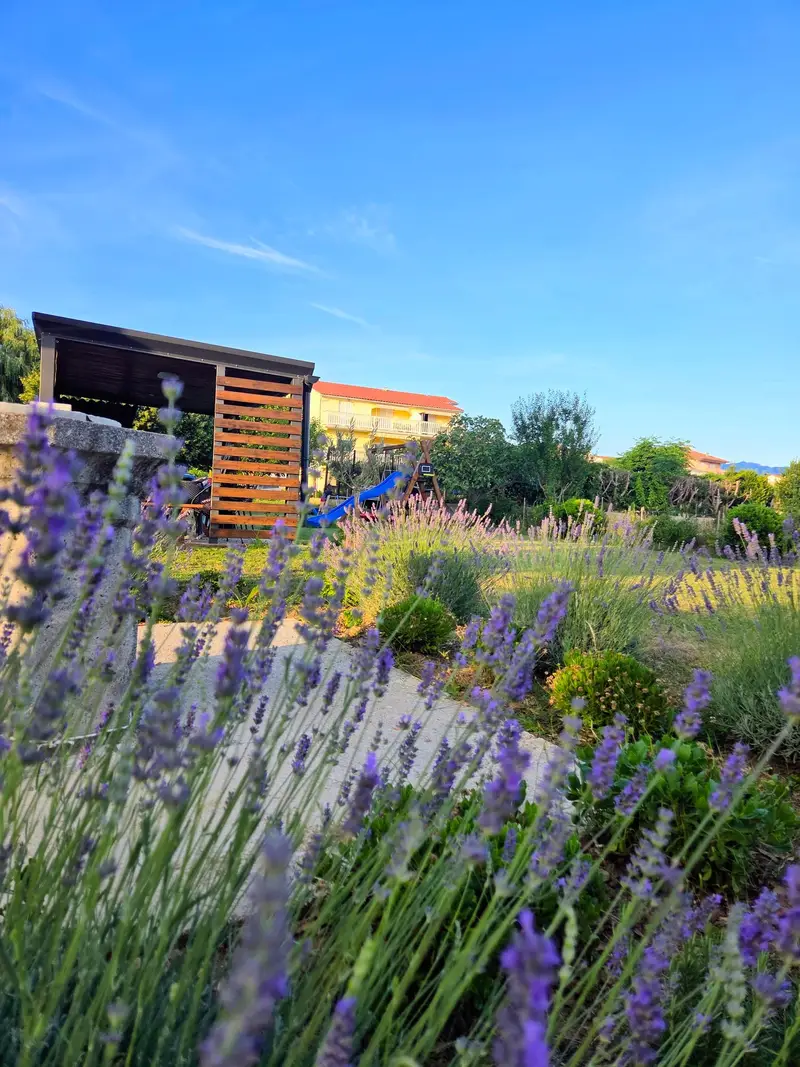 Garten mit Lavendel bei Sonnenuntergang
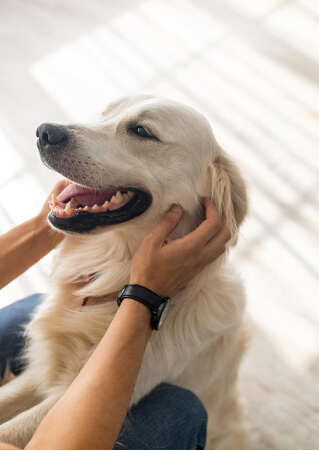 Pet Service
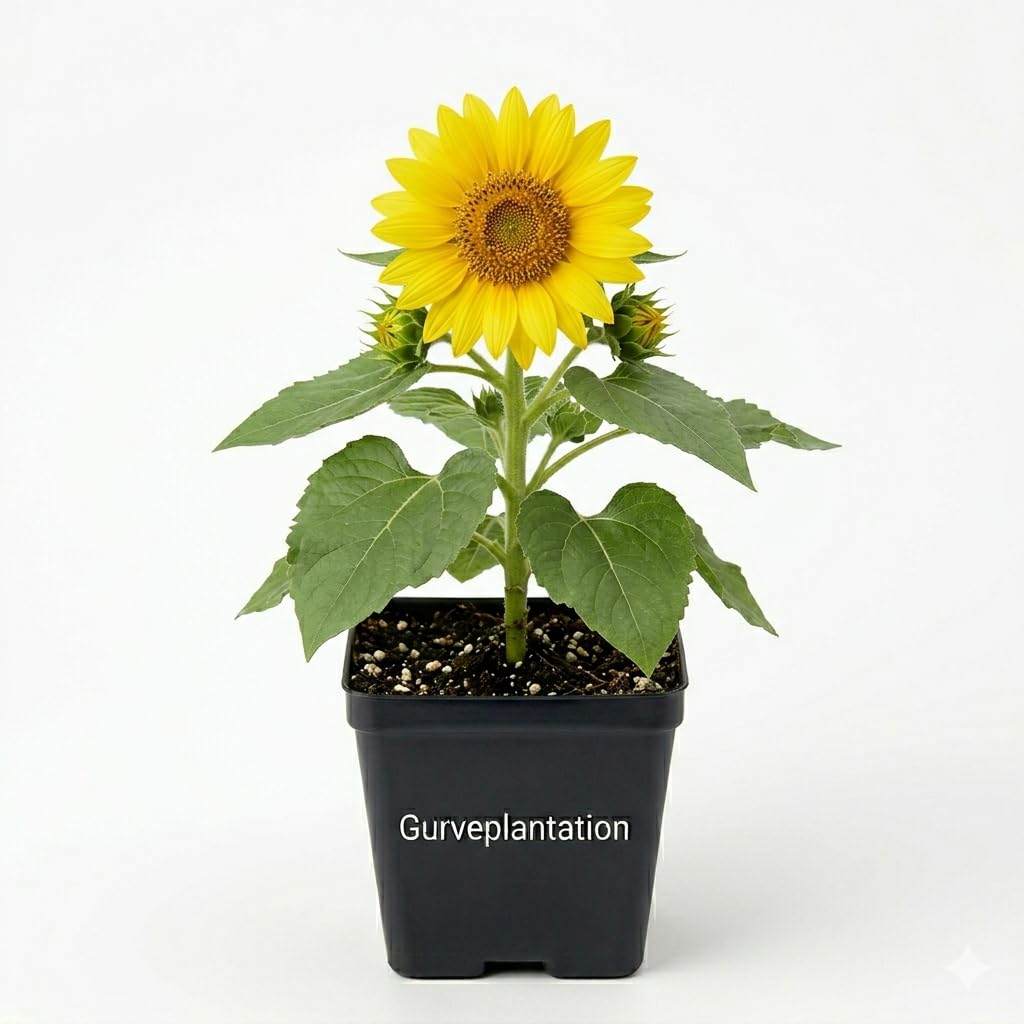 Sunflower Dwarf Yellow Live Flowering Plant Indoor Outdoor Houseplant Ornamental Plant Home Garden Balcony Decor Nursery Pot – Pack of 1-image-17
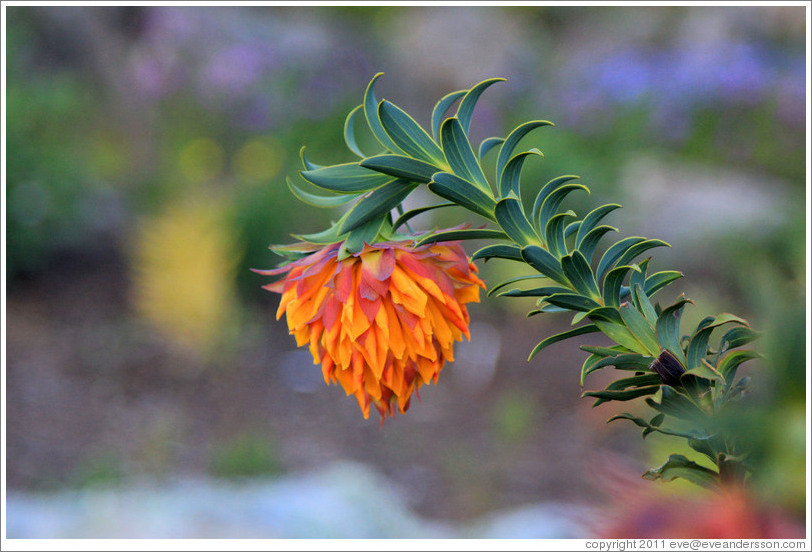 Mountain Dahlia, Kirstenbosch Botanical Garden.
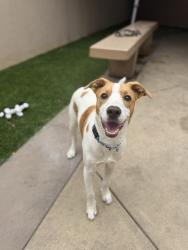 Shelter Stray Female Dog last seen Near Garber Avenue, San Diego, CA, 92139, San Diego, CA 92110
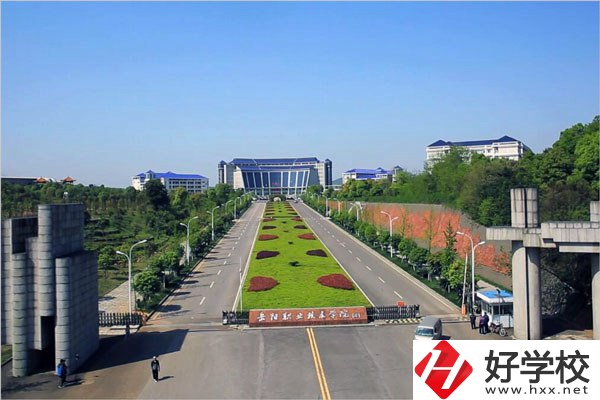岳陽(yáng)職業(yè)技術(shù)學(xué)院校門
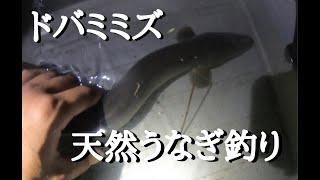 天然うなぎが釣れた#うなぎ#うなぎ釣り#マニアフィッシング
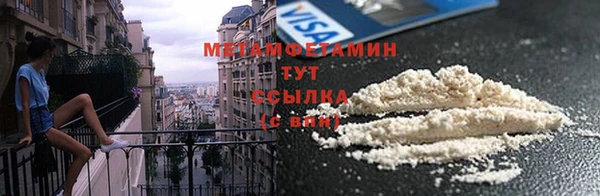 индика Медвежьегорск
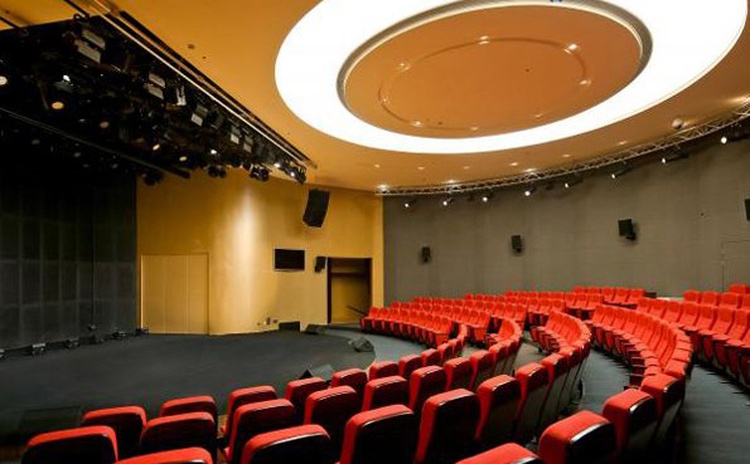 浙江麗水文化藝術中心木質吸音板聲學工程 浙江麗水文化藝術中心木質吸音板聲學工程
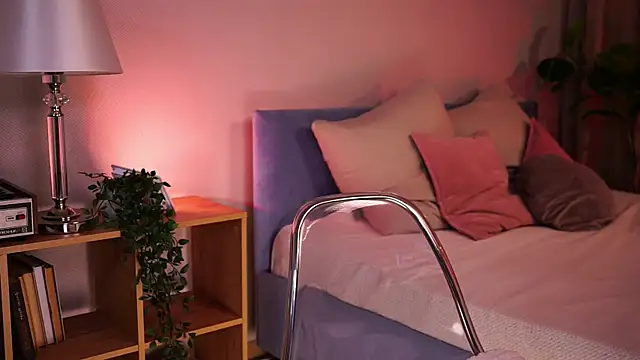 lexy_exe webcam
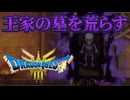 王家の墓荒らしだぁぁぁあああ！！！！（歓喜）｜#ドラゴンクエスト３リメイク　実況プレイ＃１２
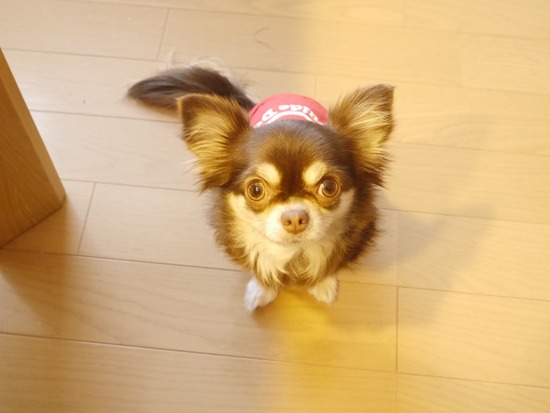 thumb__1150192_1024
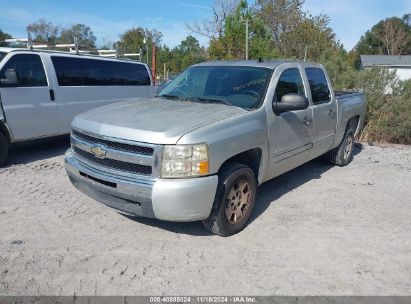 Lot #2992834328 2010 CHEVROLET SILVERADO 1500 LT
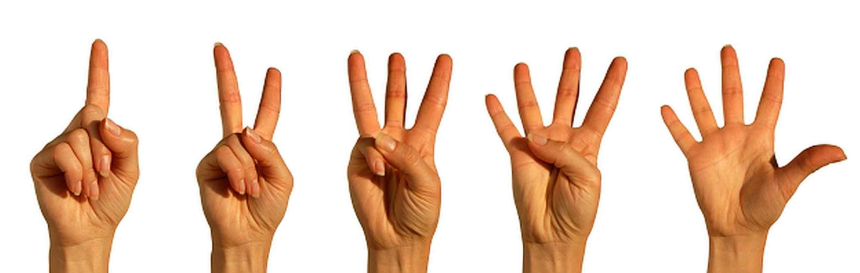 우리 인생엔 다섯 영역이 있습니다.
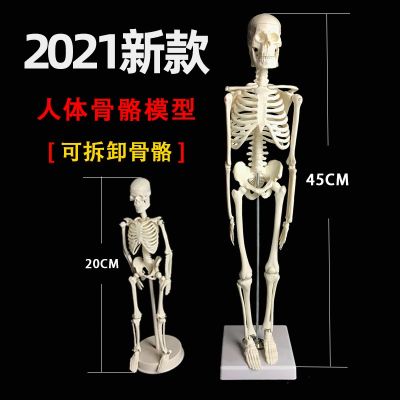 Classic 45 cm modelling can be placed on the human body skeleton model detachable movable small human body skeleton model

────────

Leave the pictures out, and print every line of the listing exactly as written.

== Task solution ==
 Garten mit Lavendel bei Sonnenuntergang
 Pet Service
 Sunflower Dwarf Yellow Live Flowering Plant Indoor Outdoor Houseplant Ornamental Plant Home Garden Balcony Decor Nursery Pot – Pack of 1-image-17
 Mountain Dahlia, Kirstenbosch Botanical Garden.
 Shelter Stray Female Dog last seen Near Garber Avenue, San Diego, CA, 92139, San Diego, CA 92110
岳陽(yáng)職業(yè)技術(shù)學(xué)院校門
 天然うなぎが釣れた#うなぎ#うなぎ釣り#マニアフィッシング
 индика Медвежьегорск
 浙江麗水文化藝術中心木質吸音板聲學工程 浙江麗水文化藝術中心木質吸音板聲學工程
 lexy_exe webcam
 王家の墓荒らしだぁぁぁあああ！！！！（歓喜）｜#ドラゴンクエスト３リメイク　実況プレイ＃１２
 thumb__1150192_1024
 Lot #2992834328 2010 CHEVROLET SILVERADO 1500 LT
 우리 인생엔 다섯 영역이 있습니다.
 Classic 45 cm modelling can be placed on the human body skeleton model detachable movable small human body skeleton model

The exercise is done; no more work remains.